What Have You Done for Me Lately Mr. Foote?
His comments make it clear that he is not happy about being phased out in favor of 2007 first round draft pick Lawrence Timmons. He went as far as to tell Bouchette:
James Farrior never slows down, and Timmons came in and I can’t grow here any more. They turned me into a two-down linebacker last year. I was stuck in a role. I love the team, I love winning, but you can’t keep being unhappy. It got to the point where they were not giving me a chance. [Emphasis added.]
Steelers Nation should feel no ill will to a player who wants to go somewhere where he can start, but Foote would also do well to remember that when Kendrell Bell went down to injury in early 2002, Bill Cowher turned to the rookie Foote as opposed to a more experienced back up such as John Fiala.
That was 2002. Sentimentally certainly did not lead Mike Tomlin to start Foote ahead of Timmons in 2008, but based on what he demonstrated on the field, Timmons almost certainly would have vindicated a decision to start him instead.
Careful of What You Wish For Mr. Foote
Larry Foote is not the first Steelers linebacker to ask for his release upon getting stuck behind a young Turk. And Larry Foote would be wise to learn from the cautionary tale of Jerry Olsavsky.
Injuries brought Jerry Olsavsky into the Steelers starting line up for parts of 1995 and almost all of 1996. Jerry O did well both times, but nonetheless Earl Holmes was slated to start in front of him going into the 1997 season.

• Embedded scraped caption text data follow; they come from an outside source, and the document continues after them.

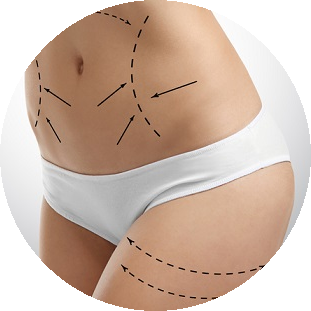 Liposukcja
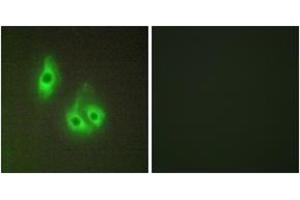 Immunofluorescence analysis of HepG2 cells, using LAMA3 Antibody. (LAMA3 抗体  (AA 2571-2620))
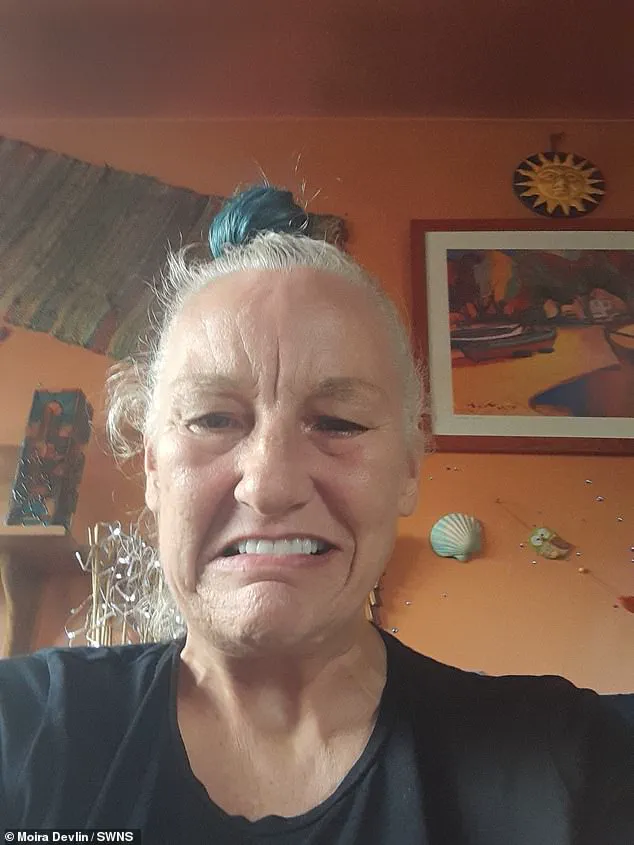 Scottish Mother Seeks Help After Botched £24,000 Dental Implant Leaves Her Disfigured and in Pain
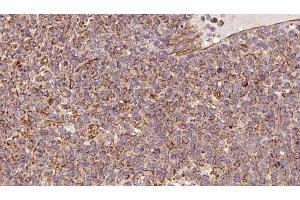 ABIN6273183 at 1/100 staining Human lymph cancer tissue by IHC-P. (UQCRC2 antibody  (Internal Region))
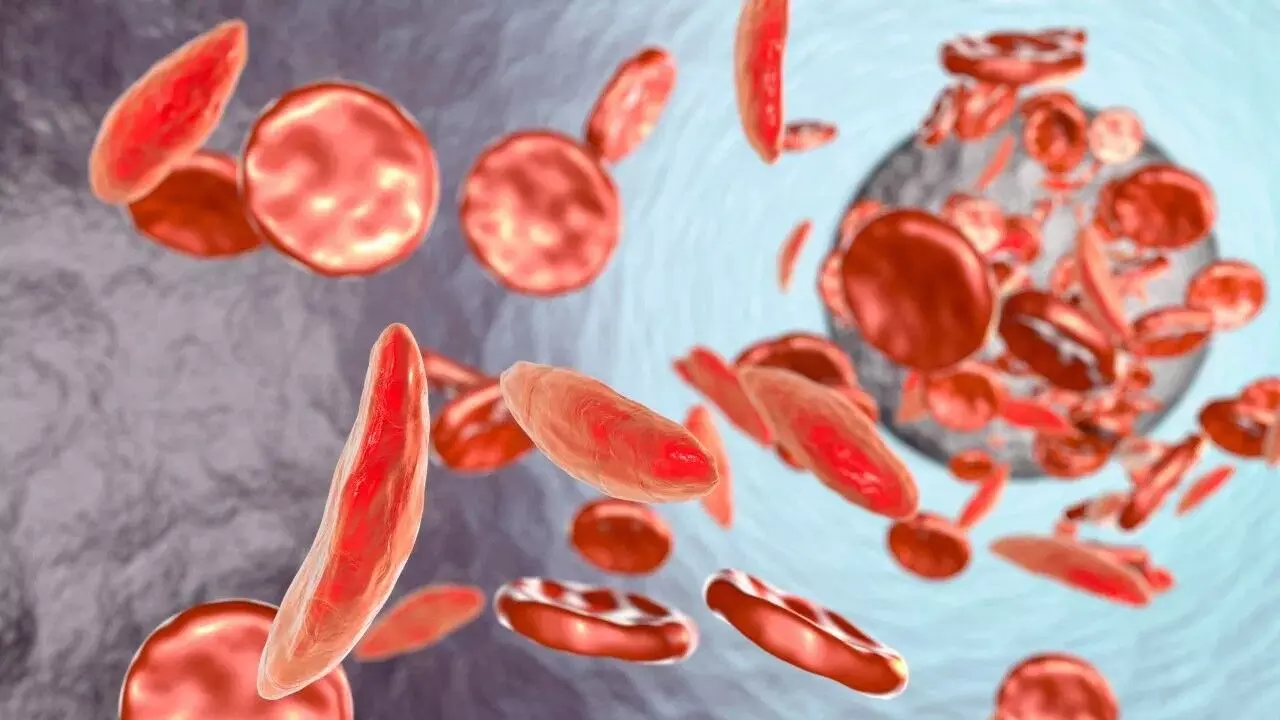 Rising Anemia in Children: పిల్లల్లో పెరుగుతున్న రక్తహీనత.. తల్లిదండ్రులు గమనించాల్సిన డేంజర్ బెల్స్ ఇవే.. Rising Anemia in Children: పిల్లల్లో పెరుగుతున్న రక్తహీనత.. తల్లిదండ్రులు గమనించాల్సిన డేంజర్ బెల్స్ ఇవే..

Olsavsky sought and got his release during the 1997 off season. He followed Marv Lewis to Baltimore, but he did not start. He recorded ten tackles in nine games and, if memory serves, the Ravens cut him before the end of the season and he was out of football.
Larry Foote is of course a different caliber player than Jerry Olsavsky, but in Pittsburgh he’s part of the defending number one defense of the defending Super Bowl Champions.
The Steelers will probably honor Foote’s wish, (although there does seem to be some doubt about that now.) Foote is certainly good enough to land on another NFL team where he can start and perhaps stand out. But as Jerry Olsavsky’s story shows, getting your wish isn’t always the best thing that can happen to you.